Osan was a large base that included the 51st Fighter Wing and the 7th Air Force. The base had two generals and five colonels who were waiting for him with fuel tanker and generators as they drew up to the hangar. Refueling would only take 30 minutes, due to the short haul from Misawa, and the general asked about ‘Easy Girl’. To his relief, she was ready and operational, had a full crew and just needed to be topped off and armed. She was in a hangar and the brass gave orders to have her brought out and for her crew to get ready. General Allen asked for two back-up pilots and they were found. The only working jeep and one old troop transporter were started up, and his armaments crew drove out to the
underground bunker to load all the ammunition they needed.
“Gentlemen,” Pete Allen spoke to a two-star general, a one-star general, three colonels and seven majors as they all stood about the aircraft. “I need a sitrep about the fighting to the north, and in return I can fill you in on our worldwide problems. I will need some coffee and whatever you have to eat, as will my men. We have been flying now for 24 hours. I want to get out of here within two hours—my AC-130 weapons chief will fill your guys in on what we need.”

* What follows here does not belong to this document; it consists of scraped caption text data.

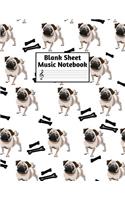 Blank Sheet Music Notebook: Easy Blank Staff Manuscript Book Large 8.5 X 11 Inches Musician Paper Wide 12 Staves Per Page for Piano, Flute, Violin, Guitar, Trumpet, Drums, Cell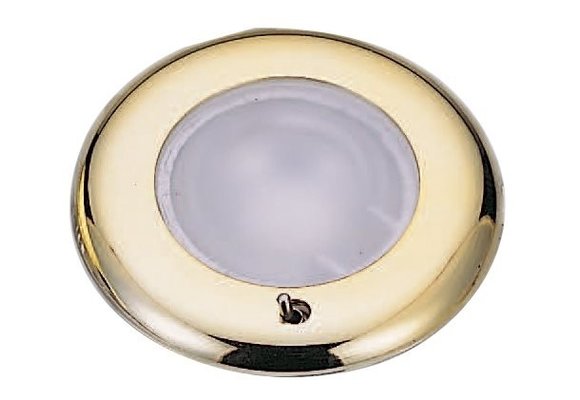 Allpa Kunststof LED-Plafondlamp met messing ring  inbouw  12-24V/1 8W  met schakelaar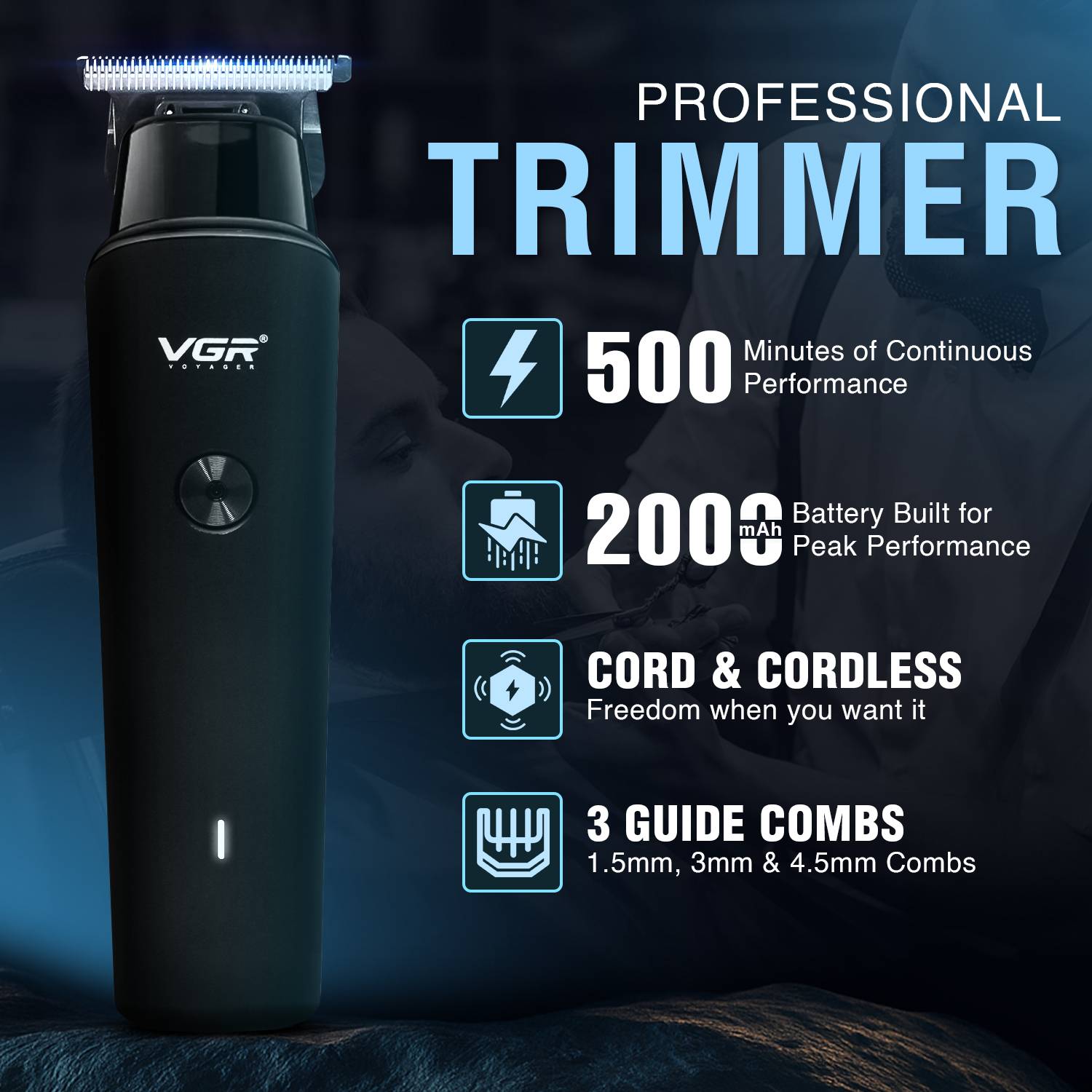 VGR V-933 Trimmer 500 min Runtime 4 Length Settings - Image 2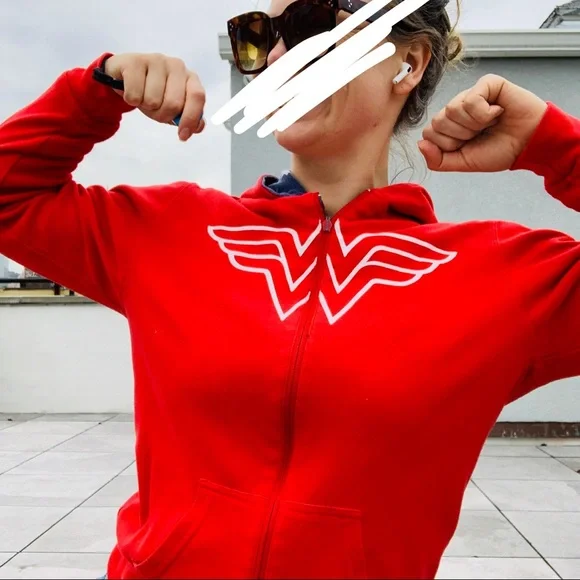 Vintage 2in1 Wonder Woman Red White Blue Star Stripe Double Side Turning Hoodie - Picture 9 of 16
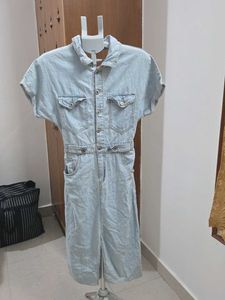 Light Wash Denim Button-Up Midi Dress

They went into a large and relatively warm conference room. Several men had obviously been sleeping in here, and the room was immediately cleared for the meeting.
“Okay, so tell me what happened here at Osan,” the general asked Base Commander General Hal Whitelaw.
“I assume you know everything went dark here at 1400 hours on January 1st,“ replied General Whitelaw.
“Actually, midnight East Coast time was what the perpetrators were aiming for,” General Allen replied. “It was dark, freezing and we believe that at least 10 million North Americans are already dead or dying.” The men around the table looked at him, many with their mouths open and white faces.
“We had the usual 20 defense fighters and five armed bombers up, as well as eight C-17s on their way to Misawa,” continued General Whitelaw. “We had three Stratotankers about 300 miles out in different directions, and we lost the lot. Not one aircraft made it back to base. Even the two Apache helicopters patrolling 30 miles north of here just disappeared as the radar went down and all of our millions of electrical components just stopped working. We are sitting here with 400 pieces of junk that used to be called aircraft, and one Vietnam-era AC-130 gunship, two old operational F-4 Falcons, and three Vietnam-era Bell helicopters. How did this happen, Pete, and when is somebody going to turn the power on again?”
“Never guys—or not for a long time. All the Chinese-made electronic gadgets and parts worldwide—billions of them, trillions of them, I don’t know how many—were all built to fail and there are no spares or replacements until we set up new manufacturing facilities. These parts were made by the same company—Zedong Electronics.”